As Jarallah Al-Marri, a prisoner from Qatar, stated, "I participated in a hunger strike for 17 days to protest the inhumane conditions and religious persecution I and hundreds of other prisoners have been subject to at Guantanamo."

Further details of the seriousness of the prisoners' claims are also emerging.
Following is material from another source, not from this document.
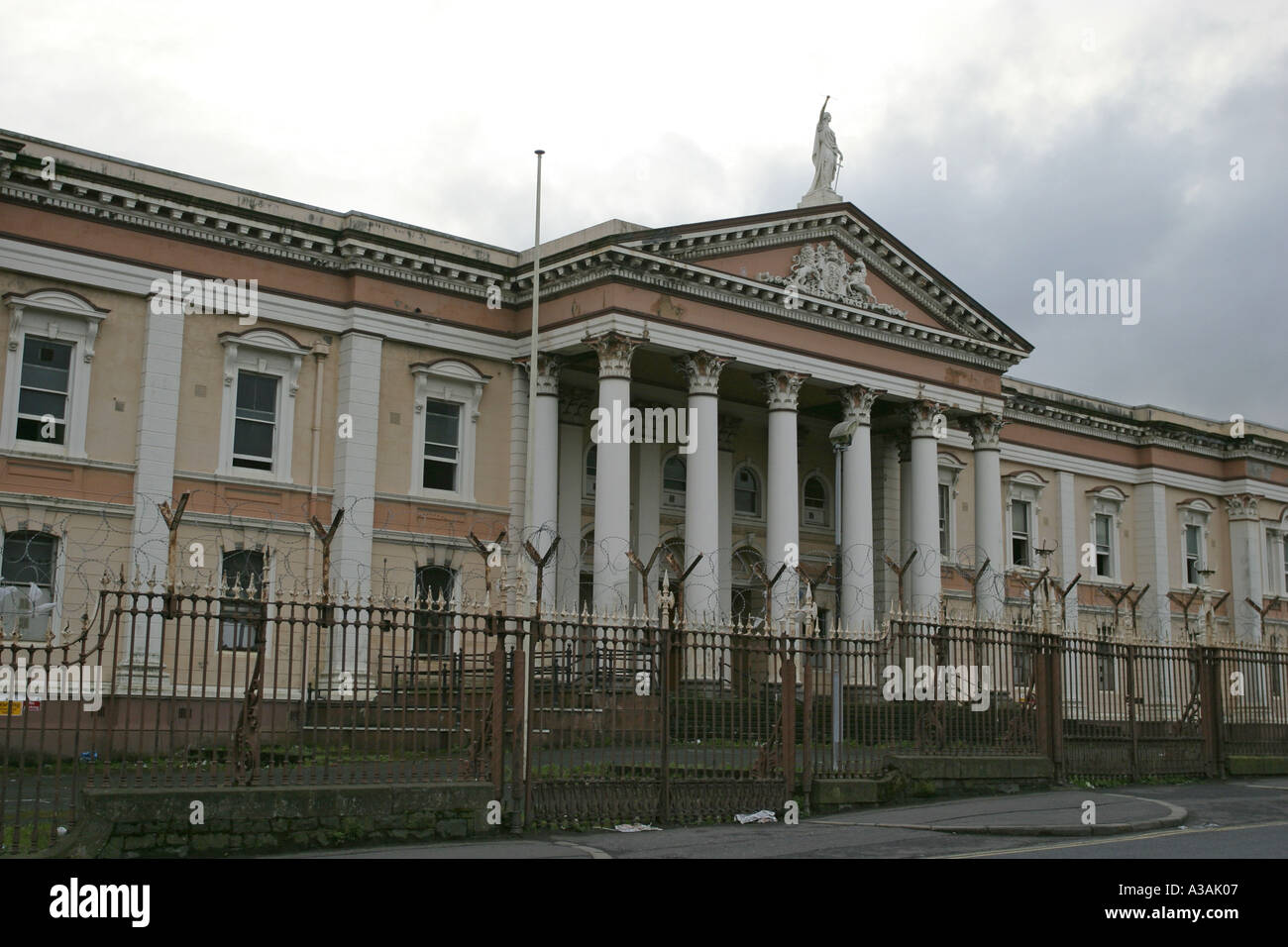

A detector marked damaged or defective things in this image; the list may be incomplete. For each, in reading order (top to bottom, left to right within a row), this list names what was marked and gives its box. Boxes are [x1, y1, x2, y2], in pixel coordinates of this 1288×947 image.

rusty metal fence [2, 577, 1288, 850]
Al-Marri, for example, was hospitalized as a result of his hunger strike and a deteriorating heart condition, and placed on an IV. He told his attorney, Jonathan Hafetz of Gibbons Del Deo Dolan Griffinger & Vecchione, that the government had a nurse make sexual advances towards him while he was lying in his hospital bed in a vain attempt to convince him to give up his hunger strike. Al-Marri has been in solitary confinement for over 16 months and today often goes as long as 3 weeks without being allowed outside his cell for recreation. The lights in Al-Marri's cell remain on 24 hours a day, 7 days a week, and he has been denied adequate bedding and clothing. Al-Marri is able to sleep only 2 hours a night, and his physical and mental health have deteriorated significantly.

According to an article in The Columbia Journalist, from 12 December 2005, Al-Marri had only had two visits from his lawyers.

==Detention of Al-Marri's brother==

Al-Marri's brother, Ali Saleh Kahlah al-Marri, formerly a graduate student at Bradley University, was last held in a South Carolina naval prison, but released on January 18, 2015, and repatriated to Qatar.

On September 10, 2001, al-Marri came to Peoria with his family to become a graduate student at his undergraduate alma mater, Bradley University. Al-Marri was indicted and arrested on credit card fraud and lying to the FBI. He was detained as a supposed al-Qaeda operative who came to the US to assist in a second wave of terrorist attacks. Al-Marri denies this.

==Repatriation and detention by British authorities==

On July 28, 2008, al-Marri was reported to have been repatriated to Qatar. His cousin and mother thanked the Emir for his help in securing his repatriation.

As part of the repatriation deal between Qatar and the U.S., a signed agreement stipulated that al-Marri would not be allowed to travel outside of Qatar. The Qataris also promised that if he even tried to leave Qatar that they would notify the United States immediately. This, however, did not happen and al-Marri was allowed to leave Qatar twice without the Qataris notifying the United States. He was ultimately arrested on visa fraud in the United Kingdom.

In a telephone interview, al-Marri told reporters he was detained at Heathrow Airport on February 23, 2009, on the claim that his visa application had not stated that he was a former Guantanamo captive. al-Marri said he had told the British officials who helped him complete his visa application about his stay in Guantanamo. Al Marri had toured the United Kingdom on a speaking tour, with Moazzam Begg, a few weeks before his 23 February detention.

Moazzam Begg was arrested in 2014 by the UK on allegations that he was funding and training terrorists in Syria. He has since been released.

The U.S. Ambassador to Qatar at the time determined that the decision to let al Marri travel outside of Qatar despite the agreement had to have been made and approved by Qatar's attorney general. The U.S. has labeled Qatar an "inconsistent" partner in combating terror finance.